The broad daylight armed robbery occurred in January 2015.

One of the accused, Joshua Raymond Smith, 24, pleaded guilty to aggravated burglary, aggravated armed robbery and motor vehicle stealing, stemming from the incident,in the Launceston Supreme Court on Friday.

Smith –the designer and builder of a gold panning attraction at Penny Royal –was addicted to methamphetamine and had acquired a significant drug debt when he was contacted to help carry out the heist.

According to one of the co-accused, their target had money and was an ideal victim.

Smith, whose life plummeted “into a vortex” of meth addiction, accepted knowing the move would spell trouble, his lawyer Evan Hughes said.

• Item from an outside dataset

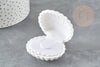 Ecrin bijou coquillage Velours blanc 3.8cm, x1 (G3339)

The trio, which also included a woman, arrived at the Bracknell address and found the man sitting on the couch.

They forced their way into his house, telling him “we need to have a chat”.

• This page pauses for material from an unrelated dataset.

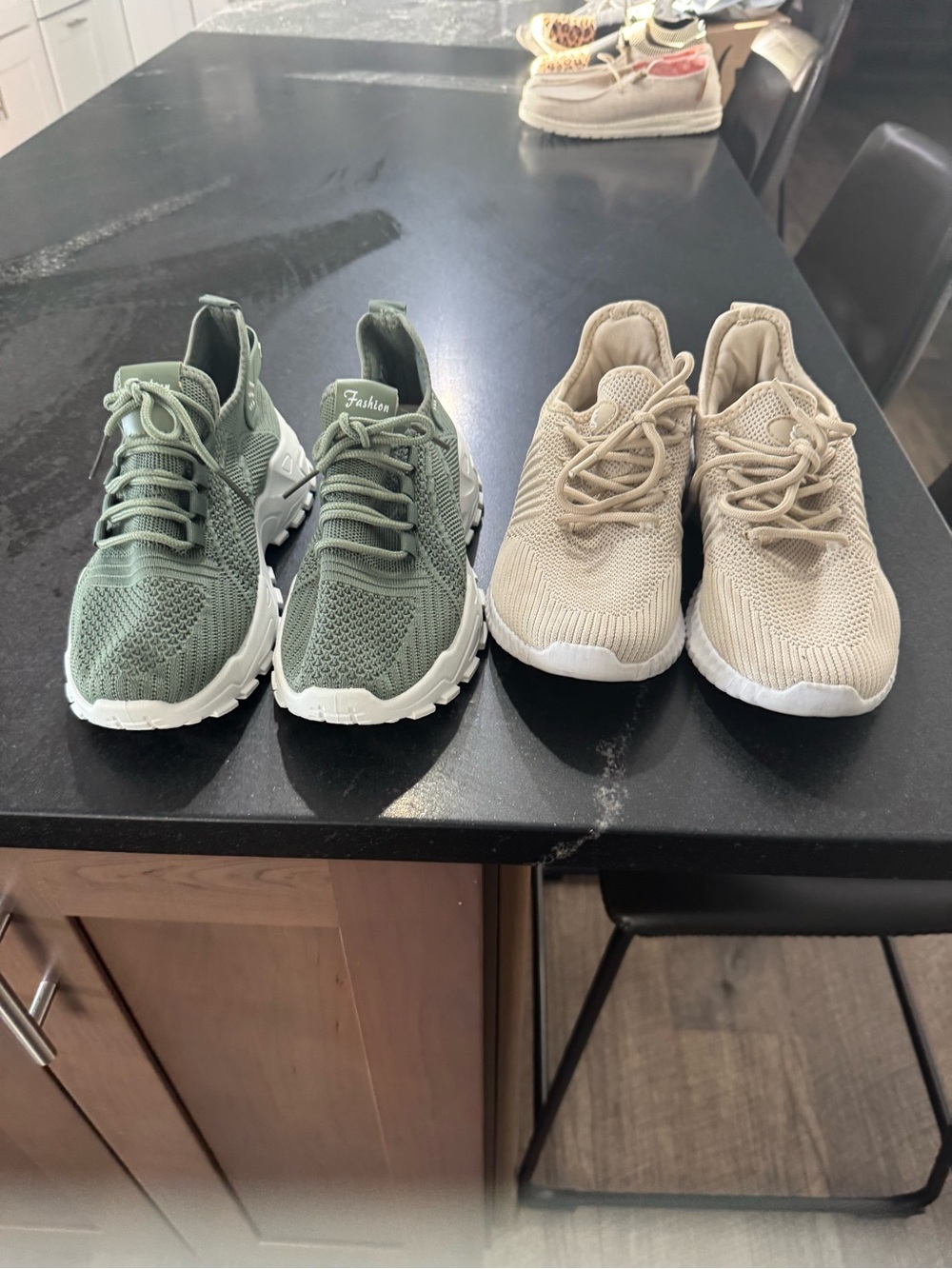 Amazon Women's Knit Athletic Sneakers - Olive Green & Beige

The crime took a turn for the worstwhen a knife-like objectwas produced.

Prosecutor Virginia Jones said the two males shovedthe man into his own car before they stole it and headed for Longford about 4pm.

They wanted the man to take out more than $5000 in cash from a bank. The female tailed them in a second car.

Along the way, one of the male offenders said within earshot of the victim “should we tie this c— up and leave him on the side of the road dead?”

Terrified, the man complied with instructions, but upon arrival at Longford, the bank was closed, meaning only an ATM could be accessed.

Only $500 was removed from his account because the man had a withdrawal limit.

After that, they got into a car and left the man behind. He called police soon after.

Mr Hughes said his client would be a successful tradesman today if it wasn’t for the “catastrophic and significant impact” that ice had on his life.

Mr Hughes said Smith had committed no offences since the armed robbery and had even exiled himself his father’s shack in an undisclosed location in an effort to avoid bad influences.

He has changed his mobile number seven times in an effort to avoid contact with Launceston’s underworld.

He will be sentencedon February 17.

This story Administrator ready to work first appeared on Nanjing Night Net.